==== Given data

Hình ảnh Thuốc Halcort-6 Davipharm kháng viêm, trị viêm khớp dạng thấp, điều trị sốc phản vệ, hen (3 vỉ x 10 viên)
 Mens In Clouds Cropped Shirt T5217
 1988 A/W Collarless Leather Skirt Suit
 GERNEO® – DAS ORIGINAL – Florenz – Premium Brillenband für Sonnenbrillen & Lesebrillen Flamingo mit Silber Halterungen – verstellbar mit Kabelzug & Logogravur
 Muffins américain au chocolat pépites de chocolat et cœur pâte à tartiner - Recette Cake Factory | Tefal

========

Output every line of the listing exactly as written.

Problem solution >>
Hình ảnh Thuốc Halcort-6 Davipharm kháng viêm, trị viêm khớp dạng thấp, điều trị sốc phản vệ, hen (3 vỉ x 10 viên)
 Mens In Clouds Cropped Shirt T5217
 1988 A/W Collarless Leather Skirt Suit
 GERNEO® – DAS ORIGINAL – Florenz – Premium Brillenband für Sonnenbrillen & Lesebrillen Flamingo mit Silber Halterungen – verstellbar mit Kabelzug & Logogravur
 Muffins américain au chocolat pépites de chocolat et cœur pâte à tartiner - Recette Cake Factory | Tefal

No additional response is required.